JAKARTA – Presiden Rusia Vladimir Pemimpin Rusia mengundang kabinetnya untuk mempertimbangkan kemungkinan pembatasan ekspor beberapa komponen baku strategis, seperti uranium, titanium, serta nikel, ke bursa luar negeri. Jika terealisasi, nilai komoditas yang dimaksud dalam bursa dunia, khususnya nikel, mampu melejit.
“Mereka membatasi pasokan banyak barang untuk kita. Mungkin kita juga harus memberlakukan pembatasan tertentu (untuk mereka)?” kata Kepala Negara Rusia di sebuah konferensi dengan pemerintah, seperti dilansir Tass, Rabu (11/9/2024).
Namun, Presiden Rusia menekankan bahwa pembatasan harus diadakan tanpa merugikan Rusia sendiri. Ia mencatatkan bahwa hal ini menyangkut jenis barang tertentu yang dimaksud dipasok Rusia ke bursa dunia pada jumlah keseluruhan besar. “Uranium, titanium, nikel. Jangan lakukan apa pun yang dimaksud merugikan diri kita sendiri,” katanya.
Putin menegaskan kembali bahwa pemerintah harus “memikirkan pembatasan tertentu pada pasokan ke bursa luar negeri” untuk barang-barang ini lalu beberapa orang barang lainnya. Kepala Negara Rusia mengingatkan bahwa Rusia termasuk di area antara pemimpin dunia pada hal cadangan materi baku strategis: Rusia miliki hampir 22% gas alam, hampir 23% emas, lalu sekitar 55% berlian.
“Di beberapa negara, cadangan strategis berada dalam dibuat, serta beberapa jumlah langkah lain berada dalam diambil. Secara umum, jikalau ini tidaklah merugikan kita, maka kita dapat berpikir (saya tidaklah menyatakan bahwa ini perlu dijalankan besok, tetapi kita harus berpikir) tentang pembatasan tertentu pada pasokan ke bursa luar negeri, tiada belaka untuk barang-barang yang dimaksud saya sebutkan, tetapi juga beberapa barang lainnya,” katanya.
“Saya pikir rekan-rekan saya di area pemerintah memahami betul pentingnya jenis material baku Rusia yang dimaksud saya sebutkan ini. Hal ini yang digunakan terlintas di pikiran saya: uranium, titanium, nikel. Tetapi ada juga yang tersebut lain,” katanya.

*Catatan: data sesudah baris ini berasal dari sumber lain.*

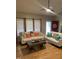 Bright living room with hardwood floors, modern decor, and ample seating at 352 Riverstone Dr, Clayton, NC 27527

Sementara itu, kemungkinan pembatasan ekspor nikel dari Rusia, yang menyediakan sekitar 20% dari ekspor logam ini dalam dunia, dapat menyebabkan kekurangan lalu kenaikan tarif pada lingkungan ekonomi global. Hal itu ditegaskan Yaroslav Kabakov, direktur strategi di tempat Finam, terhadap TASS.
“Di lingkungan ekonomi global, pembatasan ekspor nikel dari Rusia, yang tersebut menyediakan sekitar 20% dari ekspor logam ini dalam dunia, dapat menyebabkan kekurangan dan juga kenaikan harga. Hal ini akan sangat memukul bidang yang mana menggunakan nikel untuk memproduksi penyimpan daya serta kendaraan listrik,” kata Kabakov.

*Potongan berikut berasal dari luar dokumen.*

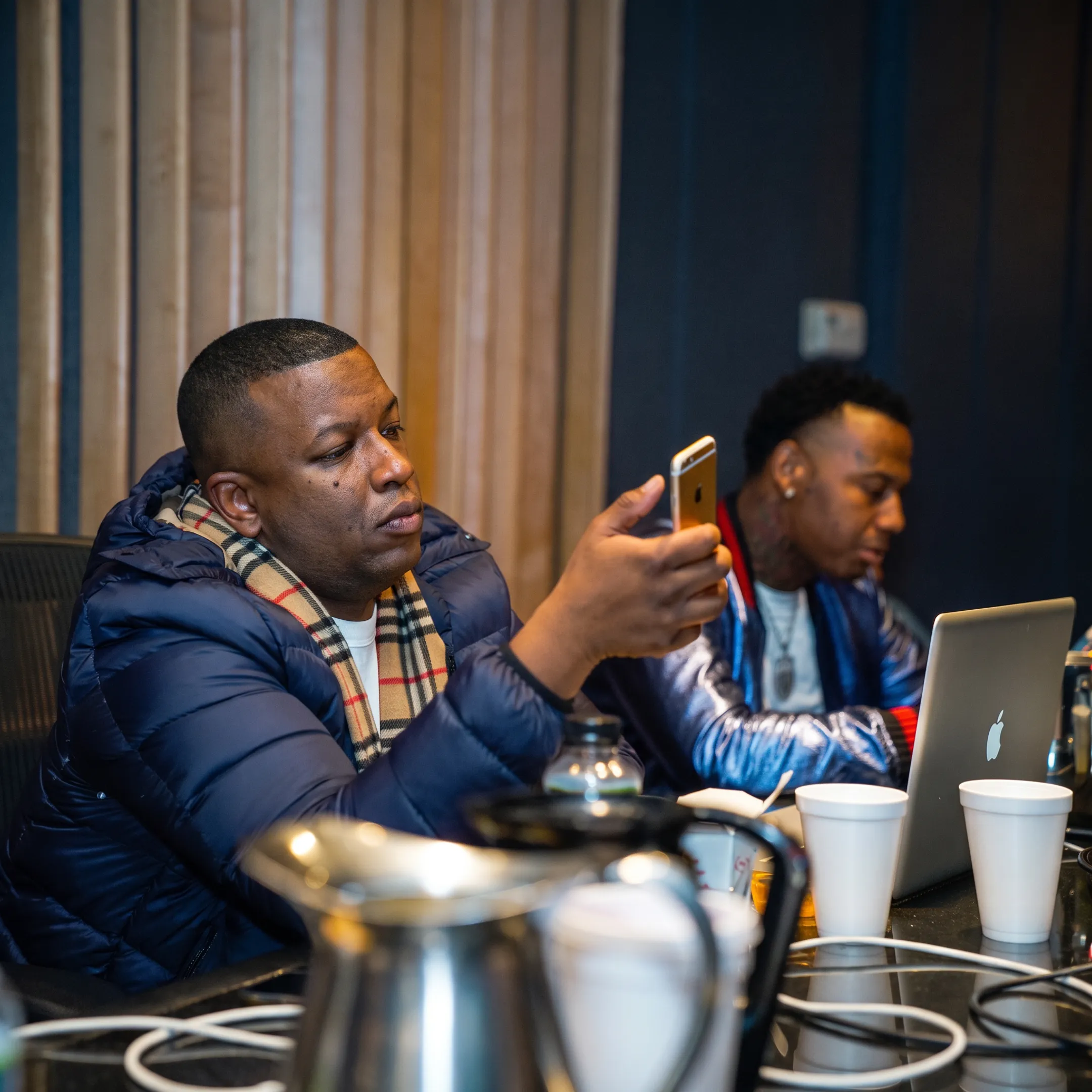 Artist and manager discussing release strategy beside studio equipment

Menurut analis tersebut, penerapan pembatasan ekspor akan berdampak signifikan pada Norilsk Nickel, perusahaan tambang logam terkemuka Rusia. Jika pembatasan ekspor terealisasi, kata Kabakov, hal itu akan mengharuskan perusahaan untuk segera menyesuaikan diri dengan kondisi baru guna meminimalkan kerugian finansial dan juga mempertahankan daya saing di dalam lingkungan ekonomi global.
“Pemberlakuan pembatasan ekspor dapat menyebabkan penurunan pendapatan ekspor Norilsk Nickel. Pada tahun 2023, sekitar 85% pendapatan perusahaan berasal dari ekspor, sehingga pembatasan yang dimaksud dapat menghurangi porsi ini secara signifikan, yang akan berdampak negatif pada kinerja keuangan Norilsk Nickel. Pasar domestik mungkin saja tak dapat mengompensasi kerugian dari penurunan pemasaran ekspor, sebab tarif domestik banyak kali tambahan rendah daripada tarif dunia,” tuturnya.